Sunday, November 06, 2011

Took off from my gigging world last night, to share in the journey of Robbie's ("gigging world"), as Queen Anne's County High School opened it's production of "Up the Down Staircase". The cast and crew really pulled it together, treating us all to a thoughtful and well performed view inside the homeroom of an new and idealistic English teacher in an inner city high school, with the struggles we all encounter (including in rural Queen Anne's County). I can't think of a single performer who didn't convincingly take their place in this drama, in an integration that held you attentive to the ebb and flow throughout the performance. That said, I must admit to being focused on the character of Joe Ferrone; the troubled young man who is eventually won over to rethink his path by one idealist who actually believes in him. Robbie (I still get to call him that - it's Robert to you) owned this character, consistently, whether in or out of the spotlight. It's wonderful to see him continue to strengthen his grasp of the zone on stage. From one who lives with him, I know just how deep his zone is, and how much potential exists.

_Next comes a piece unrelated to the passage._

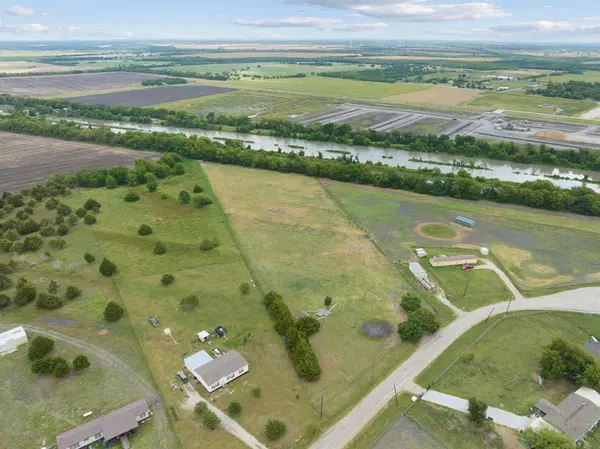 Josephine, TX 75173,511 Horizon Way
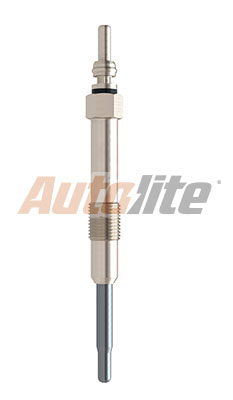 AUTOLITE kaitinimo žvakė GA1178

I am often asked if my children play the piano. When I respond that "I've never really cared about that specifically. What I really want for them is a connection to the arts, in whatever way it happens. I'm thankful that they all have cultivated this, and am proud of each of them...", everyone gets it. When teaching piano, my goal with any young student is simply: to encourage and guide them to the place where their artistic expression develops to the point where it is self - perpetuating, and integral in their life. Seeing this continue to grow in Robbie last night, makes a papa proud. Up until last evening's performance, Robbie said that he wished his character had a laugh line. In the closing moments of the drama, Joe Ferrone delivers (arguably) the most poignant line of the script, which was met with moist eyes, and an audible "aww" from the audience. Hearing that (from the stage) made Robbie's night, as his desire was both met and nurtured. I suspect that I now understand what he really wanted; not necessarily a laugh, but a response from the audience demonstrating the "connection" (if you've read this blog, you know that's where I go - and don't get me started). Seeing his response to this validation shows me the extent to which he is genuinely owning his path. I'll be looking forward to each new production with which Robbie is involved. Today, it's back to my gigging world, holding the warmth of knowing that God has blessed not just me, but each in my family (and my family as a whole) with His purpose and plan. Surrendering to this is the ultimate calling for all of us.